*PROBLEM TO WORK ON*
Please read the records below and return each line holding the string "from".
RECORDS PROVIDED START
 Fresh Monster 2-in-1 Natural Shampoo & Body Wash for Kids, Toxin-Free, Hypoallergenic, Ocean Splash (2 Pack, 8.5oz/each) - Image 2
RECORDS PROVIDED END
RECORDS PROVIDED START
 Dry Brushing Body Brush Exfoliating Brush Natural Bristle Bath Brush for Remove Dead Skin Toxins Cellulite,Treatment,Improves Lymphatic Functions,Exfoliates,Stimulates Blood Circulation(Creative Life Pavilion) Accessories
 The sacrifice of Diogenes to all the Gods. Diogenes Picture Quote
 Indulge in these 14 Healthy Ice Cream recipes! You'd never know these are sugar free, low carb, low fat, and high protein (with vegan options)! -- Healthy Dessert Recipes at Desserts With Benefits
RECORDS PROVIDED END
RECORDS PROVIDED START
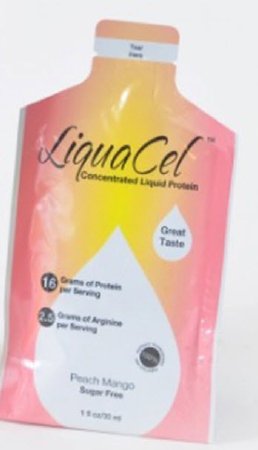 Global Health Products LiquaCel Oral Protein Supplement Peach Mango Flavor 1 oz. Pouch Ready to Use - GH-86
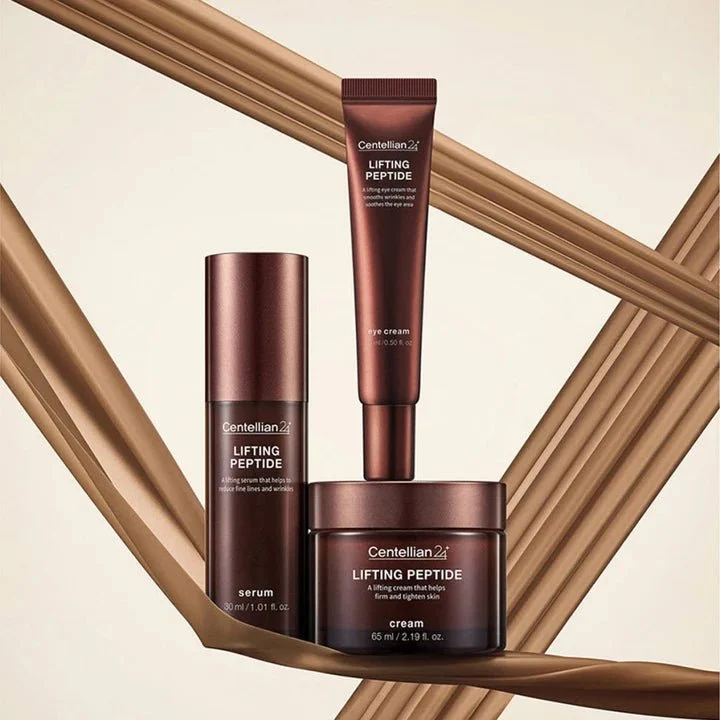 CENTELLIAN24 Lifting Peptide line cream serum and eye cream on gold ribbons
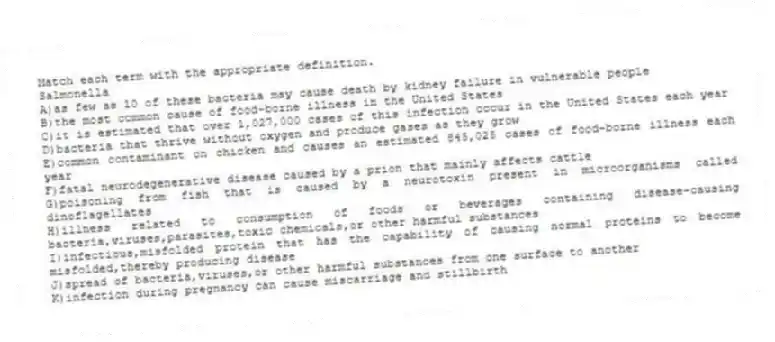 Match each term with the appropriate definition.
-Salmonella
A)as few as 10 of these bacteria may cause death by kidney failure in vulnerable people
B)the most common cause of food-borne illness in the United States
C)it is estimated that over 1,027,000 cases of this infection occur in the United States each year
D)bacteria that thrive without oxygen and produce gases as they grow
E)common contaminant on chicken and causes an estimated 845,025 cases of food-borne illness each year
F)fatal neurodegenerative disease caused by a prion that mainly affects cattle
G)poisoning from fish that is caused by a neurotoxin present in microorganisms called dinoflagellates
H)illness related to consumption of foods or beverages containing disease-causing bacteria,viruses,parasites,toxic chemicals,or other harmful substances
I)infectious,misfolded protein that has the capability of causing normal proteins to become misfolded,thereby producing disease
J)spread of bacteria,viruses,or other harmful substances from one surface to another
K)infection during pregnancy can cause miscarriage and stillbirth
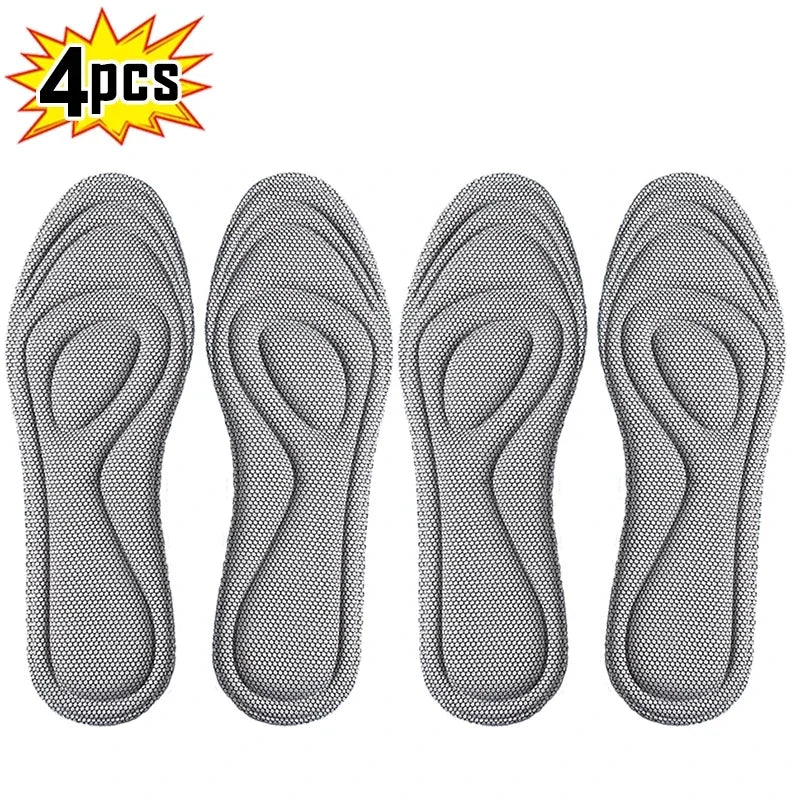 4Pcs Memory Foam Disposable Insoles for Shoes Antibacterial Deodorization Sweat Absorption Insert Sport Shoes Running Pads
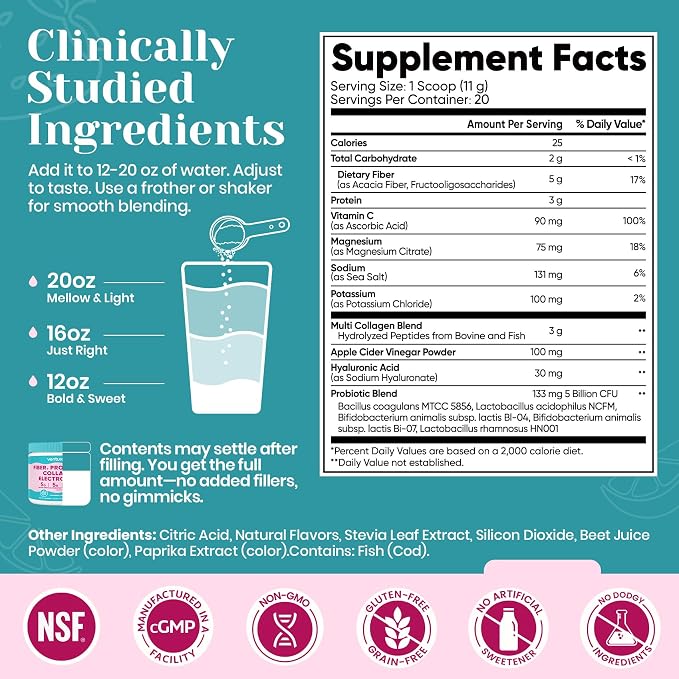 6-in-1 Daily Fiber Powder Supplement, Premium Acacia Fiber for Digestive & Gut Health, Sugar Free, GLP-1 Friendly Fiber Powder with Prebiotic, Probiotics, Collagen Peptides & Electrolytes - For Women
RECORDS PROVIDED END
*COMPLETED TASK*
G)poisoning from fish that is caused by a neurotoxin present in microorganisms called dinoflagellates
J)spread of bacteria,viruses,or other harmful substances from one surface to another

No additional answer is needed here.